Gracias a este programa, los ganaderos situados en las áreas de tránsito habitual de estos cánidos podrán incorporar con antelación distintos sistemas de defensa y equipamientos específicos. La convocatoria, difundida el pasado viernes 24 de abril en el Boletín Oficial de la Comunidad de Madrid, permanecerá abierta hasta el 11 de mayo a través de la web institucional, y las solicitudes deberán formalizarse por vía telemática.
Podrán optar a estas ayudas los titulares de explotaciones en régimen extensivo de ganado bovino, ovino, caprino y equino ubicadas en las zonas recogidas en las bases, a las que este año se suman los municipios de El Vellón, Colmenar del Arroyo y Navas del Rey, según ha precisado el Ejecutivo autonómico en un comunicado.
Las subvenciones cubrirán la compra y el mantenimiento de perros mastines, la adquisición de collares con GPS para controlar al ganado en las áreas más apartadas, así como la instalación de pastores eléctricos y cercados, tanto fijos como móviles, además de su reparación. Se aceptarán los gastos efectuados entre el 1 de enero y el 30 de septiembre de 2026.

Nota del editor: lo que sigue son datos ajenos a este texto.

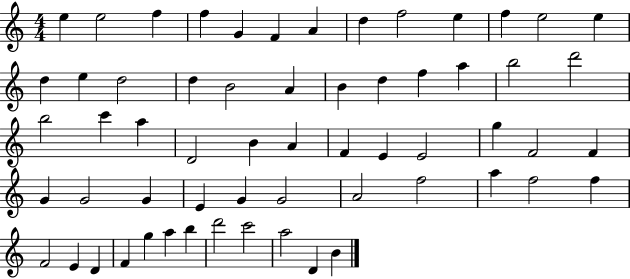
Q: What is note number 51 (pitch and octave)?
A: D4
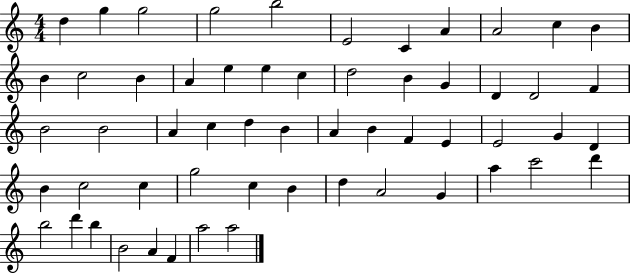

La concesión se realizará siguiendo un sistema de baremación, hasta agotar el crédito disponible. El apoyo económico por beneficiario y explotación podrá llegar al 100% de los costes subvencionables, con un límite máximo de 4.500 euros.
Estas medidas preventivas, combinadas con un manejo más adecuado de los rebaños, disminuyen la probabilidad de ataques y contribuyen a que la dieta de los lobos se base principalmente en ungulados silvestres. Entre ellos destacan los jabalíes, cuya sobreabundancia genera incidencias en la seguridad vial, daños en cultivos y afecciones a infraestructuras municipales.
Un 38% menos de ataques en la Comunidad de Madrid
En la actualidad se han identificado ocho manadas reproductoras de lobo ibérico en el territorio madrileño, algunas compartidas con comunidades autónomas vecinas, y se ha confirmado la presencia ocasional o estable de ejemplares en otros enclaves, aunque sin constancia de cría ni, por tanto, de su asentamiento.
Se trata de una especie protegida por la Unión Europea, cuya conservación debe compatibilizarse con la ganadería extensiva. Las estadísticas reflejan un descenso de los ataques de cánidos pese al incremento de su población: en 2018 se registraron 398 incidentes, una de las cifras más elevadas, mientras que en 2025, con ocho manadas asentadas, se han contabilizado 245, lo que equivale a un 38,44% menos.
Asimismo, se ha observado una mayor presencia de animales muertos en su dieta. Los técnicos de fauna del Gobierno regional y el Cuerpo de Agentes Forestales llevan a cabo un seguimiento exhaustivo y continuado de los lobos mediante dispositivos GPS, fototrampeo, esperas de observación y el análisis de restos y huellas.
Este control permite localizar a los ejemplares, ampliar el conocimiento sobre su comportamiento y, cuando resulta necesario, alertar a las explotaciones ganaderas cercanas para que puedan activar con antelación las medidas de prevención disponibles.